Küchenmeister Paul Gabel, Leiter der hauseigenen Küche, schaut kurz bei den Schwestern in der angrenzenden Backstube vorbei. Einst buken die Schwestern dort selbst Brot und Brötchen. Heute herrscht in der Backstube nur vor Weihnachten Betrieb, erzählt der Küchenchef: „Ich kümmere mich lediglich um den Einkauf der Zutaten, den Rest der Arbeit weiß ich bei den beiden Schwestern in allerbesten Händen.“ Und ab und zu dürfe er auch einmal ein paar Plätzchen verkosten – quasi als Qualitätsstichprobe, sagt er mit einem Schmunzeln.

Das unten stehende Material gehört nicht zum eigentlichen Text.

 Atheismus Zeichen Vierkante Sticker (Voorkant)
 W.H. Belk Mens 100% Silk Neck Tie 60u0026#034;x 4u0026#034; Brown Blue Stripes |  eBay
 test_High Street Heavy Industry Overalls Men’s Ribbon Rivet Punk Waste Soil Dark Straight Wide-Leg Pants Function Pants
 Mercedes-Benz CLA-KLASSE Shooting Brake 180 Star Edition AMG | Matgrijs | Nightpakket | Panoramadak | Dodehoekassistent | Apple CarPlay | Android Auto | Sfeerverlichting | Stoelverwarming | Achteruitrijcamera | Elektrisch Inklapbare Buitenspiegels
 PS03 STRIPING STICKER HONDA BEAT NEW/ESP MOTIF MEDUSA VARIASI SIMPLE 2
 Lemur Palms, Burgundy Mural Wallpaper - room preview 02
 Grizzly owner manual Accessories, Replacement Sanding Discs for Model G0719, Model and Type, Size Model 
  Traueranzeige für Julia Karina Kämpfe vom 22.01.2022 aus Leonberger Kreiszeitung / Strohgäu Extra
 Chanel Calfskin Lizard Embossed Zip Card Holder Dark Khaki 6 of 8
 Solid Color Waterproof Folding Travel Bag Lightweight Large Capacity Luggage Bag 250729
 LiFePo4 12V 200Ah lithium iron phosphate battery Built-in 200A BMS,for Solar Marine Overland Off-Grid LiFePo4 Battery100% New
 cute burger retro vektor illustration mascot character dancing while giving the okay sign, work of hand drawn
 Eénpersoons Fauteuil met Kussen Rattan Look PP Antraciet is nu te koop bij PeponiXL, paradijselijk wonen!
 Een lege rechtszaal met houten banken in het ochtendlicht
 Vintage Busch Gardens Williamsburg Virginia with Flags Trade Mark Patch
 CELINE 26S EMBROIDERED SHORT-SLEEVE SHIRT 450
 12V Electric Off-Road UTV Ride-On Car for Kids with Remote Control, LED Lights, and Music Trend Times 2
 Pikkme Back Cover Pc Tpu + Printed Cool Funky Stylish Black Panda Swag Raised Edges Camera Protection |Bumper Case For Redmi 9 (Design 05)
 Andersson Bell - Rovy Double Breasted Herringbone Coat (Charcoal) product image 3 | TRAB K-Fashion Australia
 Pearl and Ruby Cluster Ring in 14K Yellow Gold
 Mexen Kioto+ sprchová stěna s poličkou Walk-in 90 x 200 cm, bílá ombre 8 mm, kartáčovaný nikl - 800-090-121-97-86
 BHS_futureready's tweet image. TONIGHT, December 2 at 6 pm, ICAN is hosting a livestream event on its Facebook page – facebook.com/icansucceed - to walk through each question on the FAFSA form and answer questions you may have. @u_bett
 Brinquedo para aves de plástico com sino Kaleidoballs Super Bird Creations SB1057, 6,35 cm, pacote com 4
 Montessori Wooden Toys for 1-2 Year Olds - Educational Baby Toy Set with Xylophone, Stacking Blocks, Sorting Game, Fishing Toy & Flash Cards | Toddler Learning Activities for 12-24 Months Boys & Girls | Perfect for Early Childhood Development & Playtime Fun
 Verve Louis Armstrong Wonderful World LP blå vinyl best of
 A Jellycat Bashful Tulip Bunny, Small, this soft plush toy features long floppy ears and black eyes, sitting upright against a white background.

Schwester Dolores holt derweil mit einer Teigspachtel große Batzen des Stollenteigs aus der großen Schüssel der Knetmaschine. Abgewogen in Stücke zu anderthalb und drei Pfunde reicht sie ihn an Schwester Rita weiter. Mit kreisenden Bewegungen und viel Armeinsatz formt sie daraus – sprichwörtlich im Handumdrehen – Kugeln. Als alle Stollen abgewogen sind, hilft auch Schwester Dolores mit. Kurze Zählpause, um zu überprüfen, ob auch genug große Stollen dabei sind. Dann wird der Teig erneut kurz geknetet und plattgedrückt, ehe die Ordensfrauen ihn jeweils zu einem dicken Strang formen.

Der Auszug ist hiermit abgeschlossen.